> WHAT THE TASK ASKS:
These records contain pictures, which must be left out; copy exactly the lines from the one with "Good morning friends, you" up to and including the one with "Hello everybody. We".

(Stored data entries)
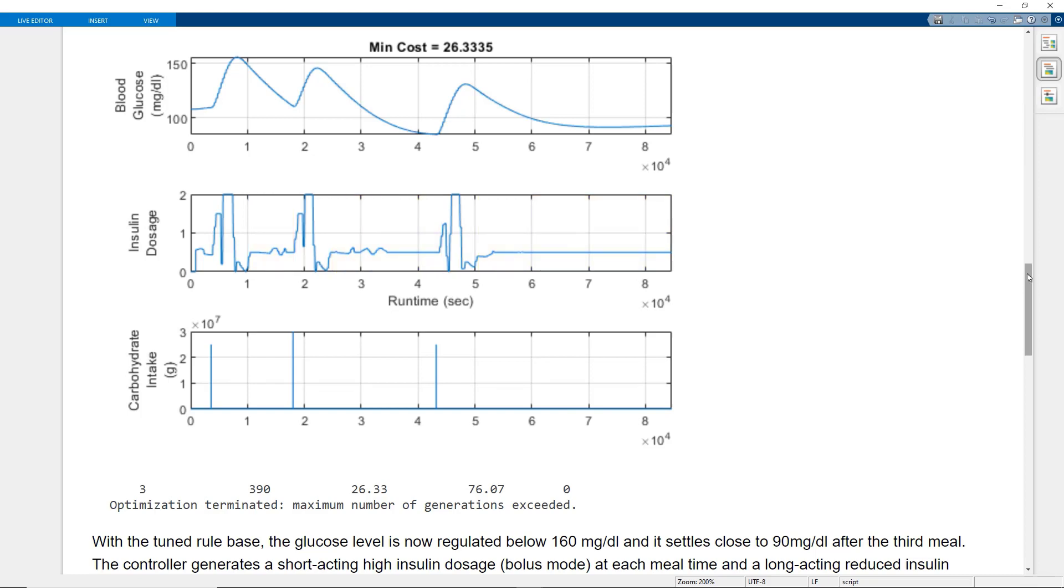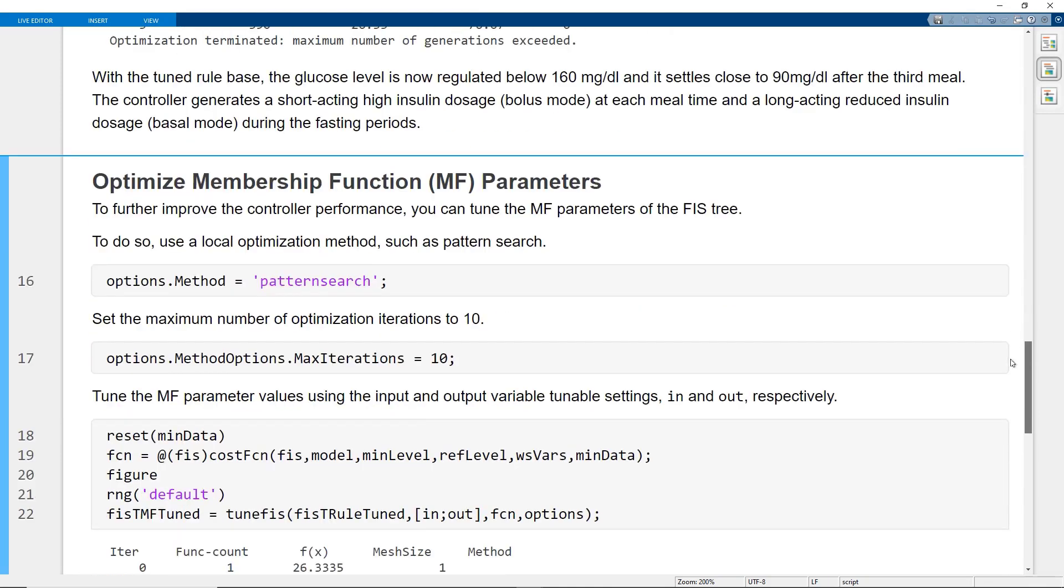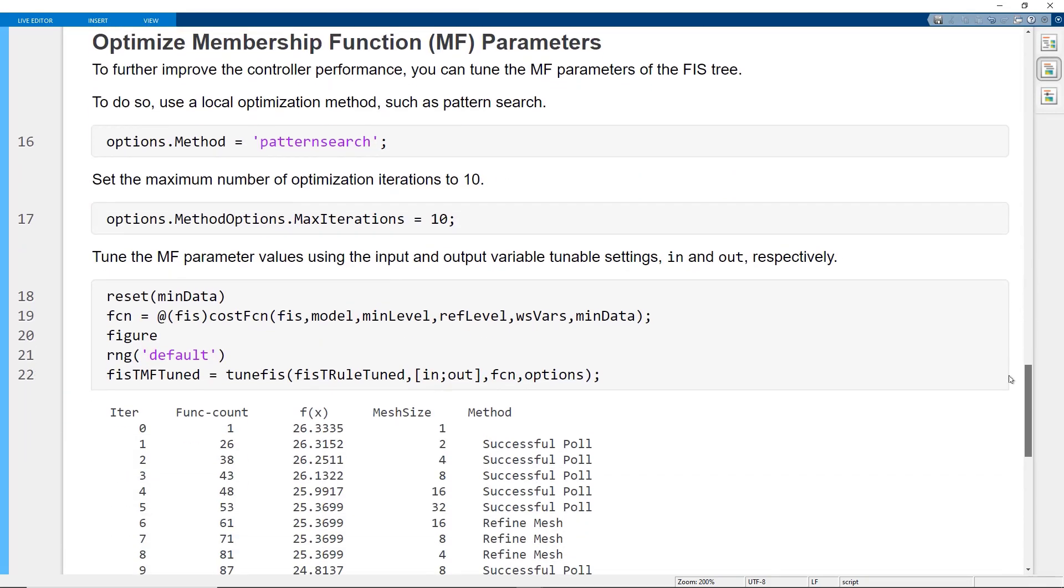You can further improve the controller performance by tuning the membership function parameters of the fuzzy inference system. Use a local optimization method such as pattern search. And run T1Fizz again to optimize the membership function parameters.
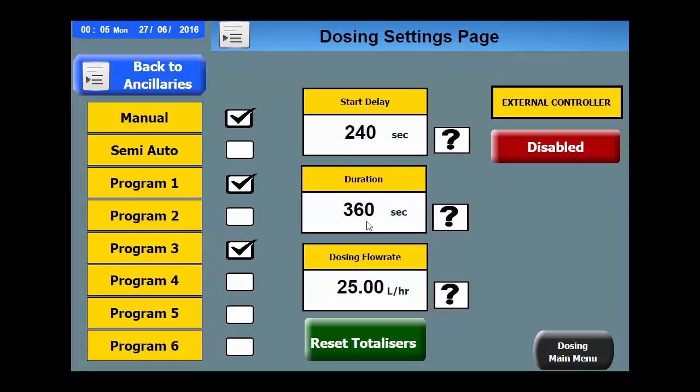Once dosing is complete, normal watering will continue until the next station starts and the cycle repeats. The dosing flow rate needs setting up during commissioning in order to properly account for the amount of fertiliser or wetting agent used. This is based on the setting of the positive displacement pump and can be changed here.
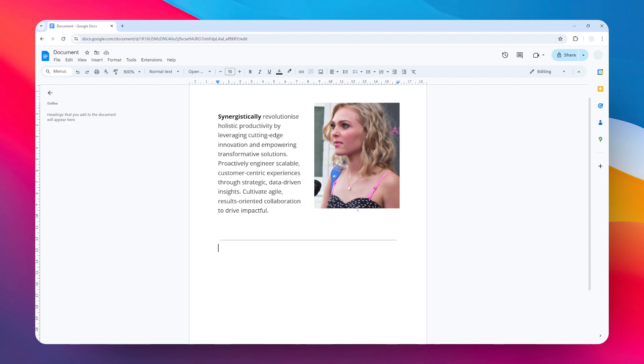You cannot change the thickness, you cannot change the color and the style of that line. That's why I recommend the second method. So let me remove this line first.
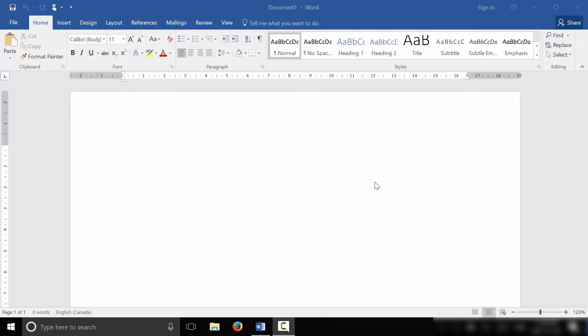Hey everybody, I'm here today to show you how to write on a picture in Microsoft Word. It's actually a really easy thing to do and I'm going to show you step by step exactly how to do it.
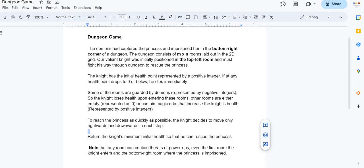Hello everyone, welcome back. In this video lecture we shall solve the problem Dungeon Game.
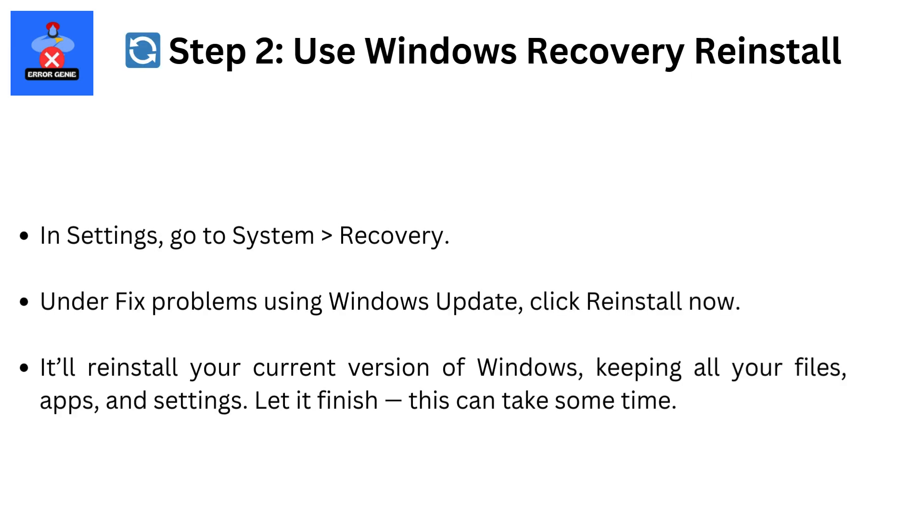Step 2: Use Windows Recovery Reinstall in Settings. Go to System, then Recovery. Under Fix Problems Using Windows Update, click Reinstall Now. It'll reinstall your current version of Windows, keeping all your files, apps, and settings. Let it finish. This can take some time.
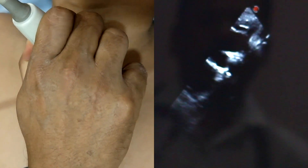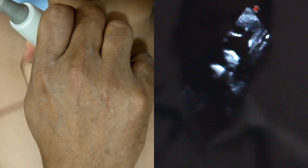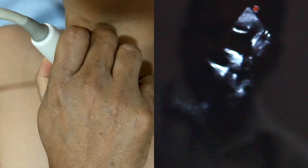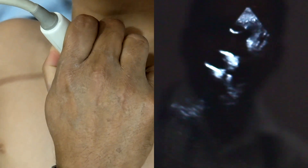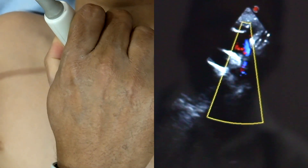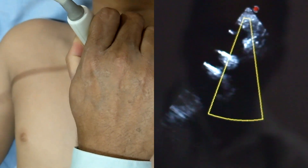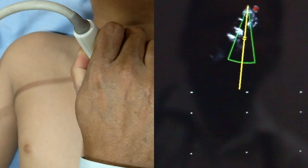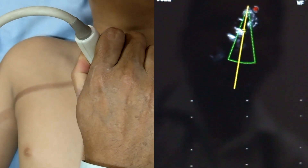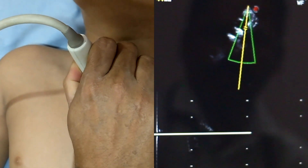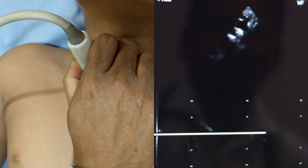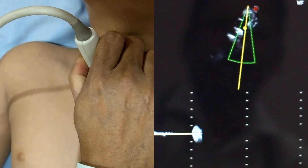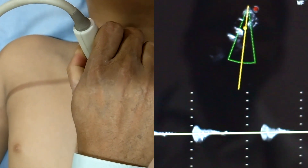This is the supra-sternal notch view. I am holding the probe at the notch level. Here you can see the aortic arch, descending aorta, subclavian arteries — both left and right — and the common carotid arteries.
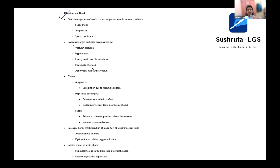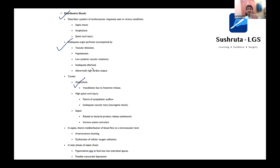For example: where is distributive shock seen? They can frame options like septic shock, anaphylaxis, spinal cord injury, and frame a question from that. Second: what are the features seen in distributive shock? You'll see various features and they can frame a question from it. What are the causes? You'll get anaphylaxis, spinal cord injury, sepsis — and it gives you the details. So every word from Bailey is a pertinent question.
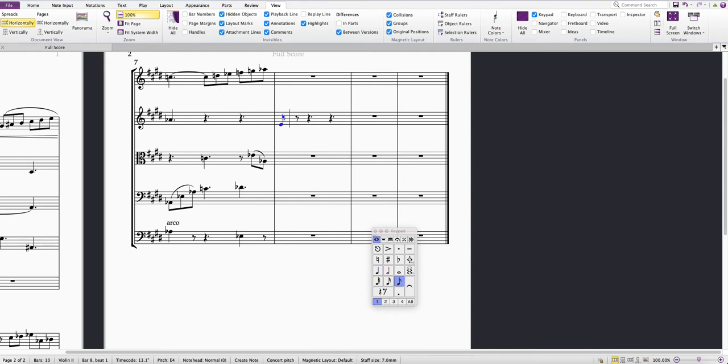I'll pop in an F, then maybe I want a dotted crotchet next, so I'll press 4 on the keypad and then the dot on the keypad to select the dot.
---
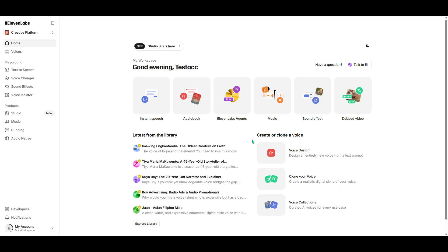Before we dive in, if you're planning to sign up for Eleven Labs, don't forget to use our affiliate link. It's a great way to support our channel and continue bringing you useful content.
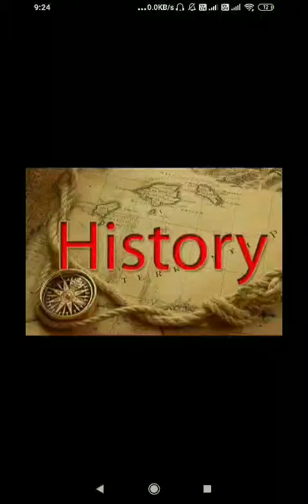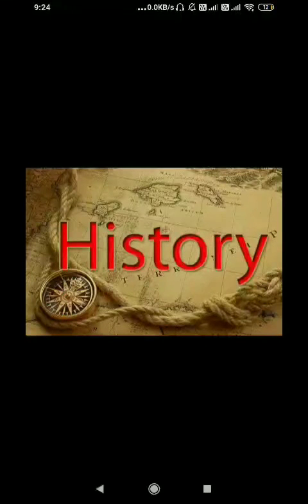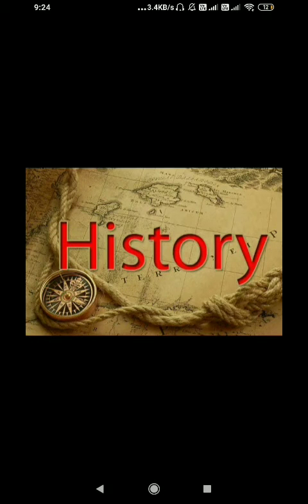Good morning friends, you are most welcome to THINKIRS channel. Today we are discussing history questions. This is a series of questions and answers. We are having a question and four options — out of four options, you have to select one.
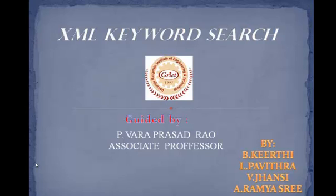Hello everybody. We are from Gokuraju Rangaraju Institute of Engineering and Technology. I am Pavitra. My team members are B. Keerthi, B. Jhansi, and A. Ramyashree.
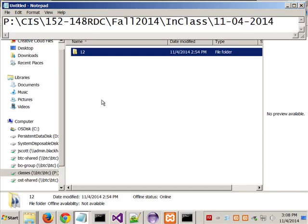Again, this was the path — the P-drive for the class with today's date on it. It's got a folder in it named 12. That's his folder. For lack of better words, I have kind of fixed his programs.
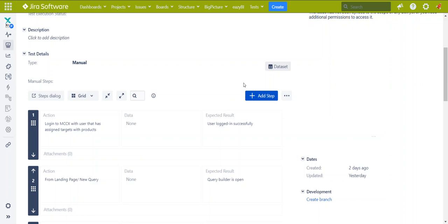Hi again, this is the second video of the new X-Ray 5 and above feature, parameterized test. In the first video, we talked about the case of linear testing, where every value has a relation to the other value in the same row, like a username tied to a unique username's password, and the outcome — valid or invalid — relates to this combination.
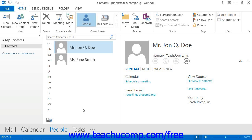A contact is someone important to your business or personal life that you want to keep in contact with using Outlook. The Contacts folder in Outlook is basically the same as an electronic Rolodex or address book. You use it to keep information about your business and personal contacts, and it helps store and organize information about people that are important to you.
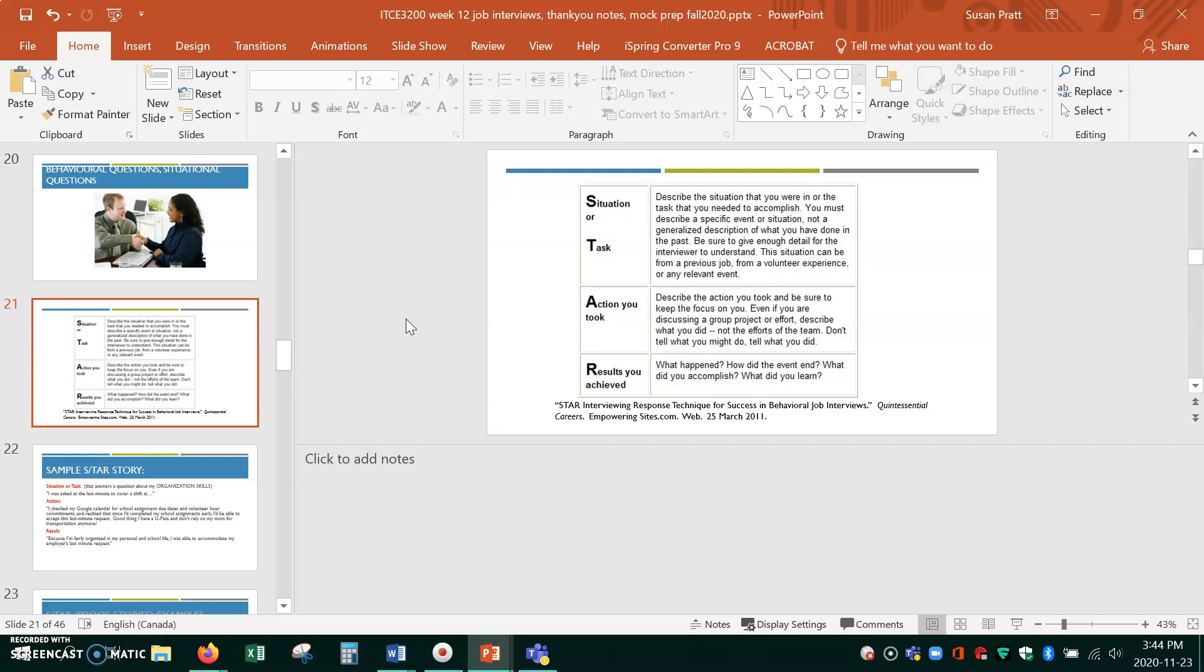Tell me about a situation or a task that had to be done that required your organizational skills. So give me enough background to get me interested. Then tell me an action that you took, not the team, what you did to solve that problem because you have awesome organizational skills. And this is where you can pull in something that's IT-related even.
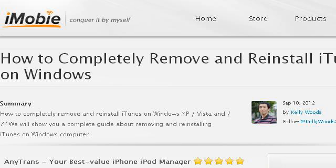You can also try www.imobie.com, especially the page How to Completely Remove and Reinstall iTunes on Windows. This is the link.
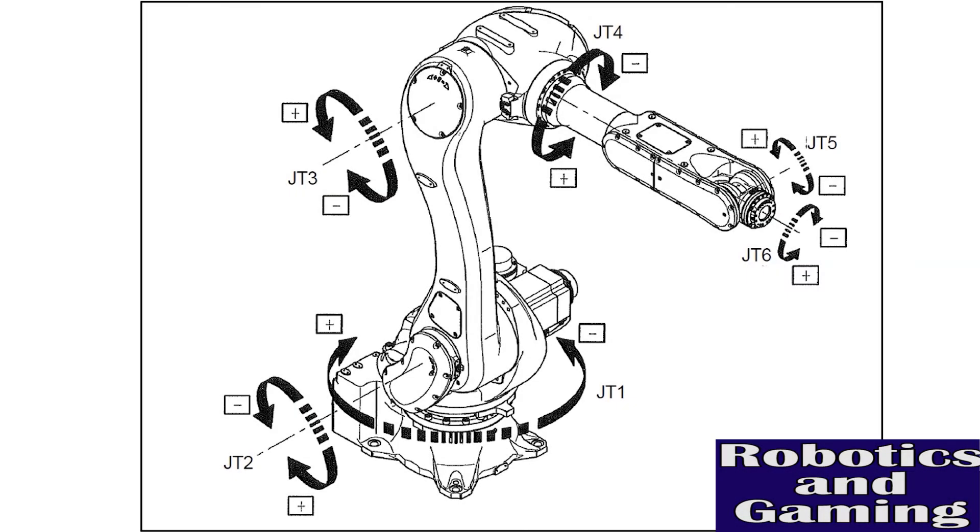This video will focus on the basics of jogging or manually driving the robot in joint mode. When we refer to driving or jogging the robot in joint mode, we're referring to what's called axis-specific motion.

> RESULT:
Good morning friends, you are most welcome to THINKIRS channel. Today we are discussing history questions. This is a series of questions and answers. We are having a question and four options — out of four options, you have to select one.
Hello everybody. We are from Gokuraju Rangaraju Institute of Engineering and Technology. I am Pavitra. My team members are B. Keerthi, B. Jhansi, and A. Ramyashree.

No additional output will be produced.